Moving in with a partner is an exciting time, but it’s also important to think about where you stand from a legal perspective.
When you’re not married to the partner you’re living with, it’s wise to consider how the lack of legal protection could affect your finances and other assets.
If you are living with someone who you’re in a relationship with, but are not married to, it is known as cohabitating.
To find out more about cohabitating and what it might mean for your relationship, keep reading.
What is cohabitation?
Cohabitation is a term that is used to describe couples who are unmarried but are in a relationship and living together.
Normally these couples will have fewer legal rights than couples who are married or in a civil partnership which means there’s limited legal protection if the relationship breaks down or one partner dies.
What is a cohabitation agreement?
A cohabitation agreement is a legally binding document that unmarried couples who are living together can apply for.
This document sets out what will happen to your finances, house, and any minor children if you separate, or if one partner becomes ill or dies.
It’s an important document for cohabitating couples to obtain as without one, you will not have much legal protection if your circumstances change.
How can I prove cohabitation in the UK?
To get a cohabitation agreement, you and your partner will need to prove that you are cohabitating.
Evidence you can show to demonstrate this includes joint leases, letters that are addressed to both individuals, and joint utility bills such as gas, electricity or water.
What are my rights when I’m cohabiting?
You will only have legal rights as a cohabitating couple when you have a cohabitation agreement drawn up.
Without a cohabitation agreement in place, you won’t have any right to your partner’s assets if you separate and will not be entitled to anything in the event of their death.
Once you have this agreement, you could both have access to each other’s state pension, next of kin rights in emergencies and a share of each other’s assets if you decide to separate.

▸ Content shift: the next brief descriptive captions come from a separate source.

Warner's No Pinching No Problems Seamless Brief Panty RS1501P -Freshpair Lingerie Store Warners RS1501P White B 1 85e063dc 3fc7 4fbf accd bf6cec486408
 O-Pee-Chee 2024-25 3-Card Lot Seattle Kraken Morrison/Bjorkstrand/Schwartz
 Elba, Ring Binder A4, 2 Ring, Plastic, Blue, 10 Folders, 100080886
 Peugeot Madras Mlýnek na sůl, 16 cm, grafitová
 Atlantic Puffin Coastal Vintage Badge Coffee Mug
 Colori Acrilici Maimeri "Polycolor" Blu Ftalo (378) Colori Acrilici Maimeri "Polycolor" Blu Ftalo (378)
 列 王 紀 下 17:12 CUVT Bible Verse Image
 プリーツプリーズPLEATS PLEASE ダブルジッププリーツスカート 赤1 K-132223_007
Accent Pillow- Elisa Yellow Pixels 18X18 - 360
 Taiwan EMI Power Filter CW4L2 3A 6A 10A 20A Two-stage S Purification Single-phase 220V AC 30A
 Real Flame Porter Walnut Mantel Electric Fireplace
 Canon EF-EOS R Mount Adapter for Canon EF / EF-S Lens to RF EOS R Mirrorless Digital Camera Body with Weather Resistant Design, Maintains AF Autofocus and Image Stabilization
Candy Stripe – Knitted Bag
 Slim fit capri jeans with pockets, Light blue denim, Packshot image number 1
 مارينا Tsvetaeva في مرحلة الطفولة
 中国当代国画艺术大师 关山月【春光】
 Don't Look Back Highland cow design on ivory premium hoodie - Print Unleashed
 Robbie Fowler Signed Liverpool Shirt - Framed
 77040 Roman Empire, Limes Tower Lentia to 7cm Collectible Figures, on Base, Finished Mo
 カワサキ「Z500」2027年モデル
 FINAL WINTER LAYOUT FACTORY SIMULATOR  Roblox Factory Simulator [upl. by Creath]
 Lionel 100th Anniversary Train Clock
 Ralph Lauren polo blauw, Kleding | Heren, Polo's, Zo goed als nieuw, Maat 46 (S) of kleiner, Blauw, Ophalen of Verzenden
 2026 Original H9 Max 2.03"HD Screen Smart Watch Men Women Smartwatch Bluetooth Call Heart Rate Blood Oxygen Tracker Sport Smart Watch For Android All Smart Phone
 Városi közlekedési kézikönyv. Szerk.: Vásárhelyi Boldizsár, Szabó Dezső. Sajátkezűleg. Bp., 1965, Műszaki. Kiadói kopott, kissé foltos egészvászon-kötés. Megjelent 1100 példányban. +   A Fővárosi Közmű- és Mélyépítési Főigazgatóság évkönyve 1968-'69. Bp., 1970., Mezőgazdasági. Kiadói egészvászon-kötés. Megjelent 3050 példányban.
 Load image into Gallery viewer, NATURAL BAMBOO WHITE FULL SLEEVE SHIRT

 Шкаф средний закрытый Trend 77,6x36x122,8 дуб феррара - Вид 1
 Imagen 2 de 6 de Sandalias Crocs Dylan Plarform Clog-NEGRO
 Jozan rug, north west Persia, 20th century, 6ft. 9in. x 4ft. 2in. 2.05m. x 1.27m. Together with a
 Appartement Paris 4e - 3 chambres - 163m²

How do I get a cohabitation agreement?
Before drawing up an agreement, you and your partner should talk about what you think should be included and what assets should be divided between the two of you. Assets that you share could include your pensions, savings, and any jointly owned property or vehicles.
National Legal Service’s team of specialist family solicitors will work with you to draw up the agreement. This will include calculating the value of your assets, whether you have children and detailing how much each of you earns.
Once the agreement has been drafted, and you’re both happy with its contents, each of you will need to sign it.
If anything changes in your circumstances after you’ve signed the cohabitation agreement, you can contact your solicitor to make any changes – as long as both parties agree to the changes being made.